The Stanford DASH multiprocessor  uses clusters of processors that share a single bus, with clusters interconnected by a mesh. It uses a directory-based hardware cache coherence protocol that, on a write to a shared cache line, requires separate invalidates be sent for each of the copies, and requires acknowledgments for each invalidate. In the NUMAchine protocol, only a single invalidate message is used, and no acknowledgements are required. DASH employs a small cache in each cluster called a Remote Access Cache (RAC). NUMAchine's network cache includes the functionality of the RAC; however, the key to the effectiveness of NUMAchine's network cache is its large capacity, being at least as large as the combined capacities of the secondary caches on a station.

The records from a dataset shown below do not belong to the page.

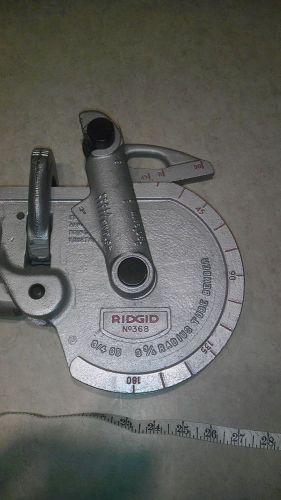 Rigid Geared Ratchet Pipe Bender, no368,3/4 OD, 3 3/4 Radius,excellent condition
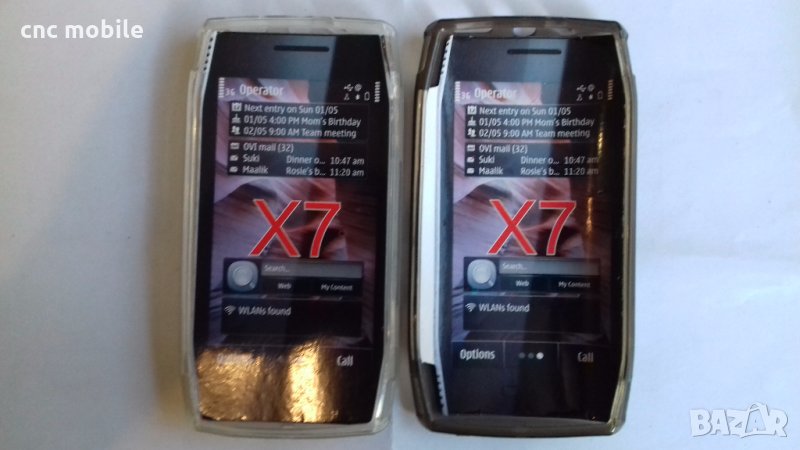 Nokia X7 калъф - силиконов гръб , снимка 1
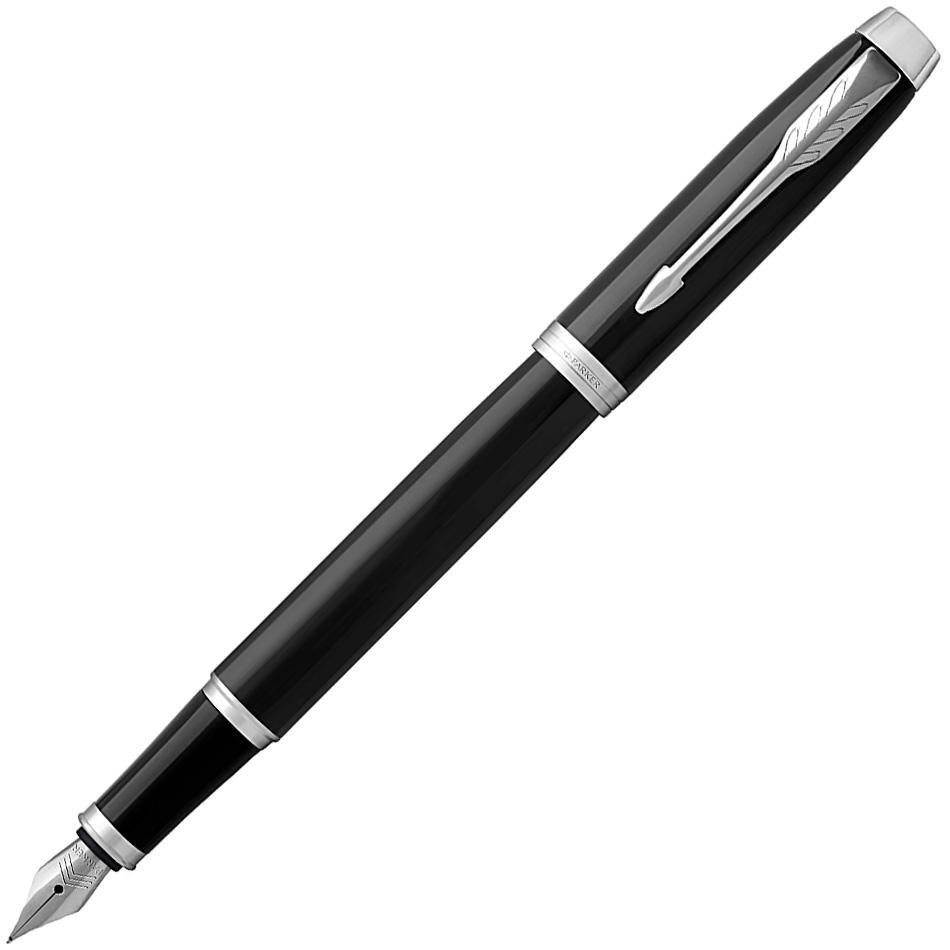 Parker IM Fountain Pen - Black with Chrome Trim - Pure Pens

The FLASH multiprocessor , under development at Stanford University, will provide a single address space with integrated message passing support. A programmable co-processor, called MAGIC, serves as a memory and I/O controller, a network interface, and as a communication and coherence protocol processor. Through this programmable co-processor, FLASH provides a high degree of flexibility. NUMAchine uses a different approach to providing flexibility. The basic protocols, such as coherence, are implemented in hardware to ensure good performance, but software has the ability to override the hardware when different protocols are desirable.
The Alewife machine from MIT  shares the FLASH approach of integrating a single address space with message passing. Its approach for achieving flexibility is to implement common case critical path operations in hardware, letting software handle exceptional or unusual conditions. For example, it uses limited directories  to implement cache coherence, where hardware supports directly a small number of pointers, and software must handle the case when cache lines are shared by a larger number of processors. An important difference between Alewife and NUMAchine is that Alewife relies on a great deal of custom hardware. As a result, it is harder for Alewife to track the rapid improvements in workstation technology.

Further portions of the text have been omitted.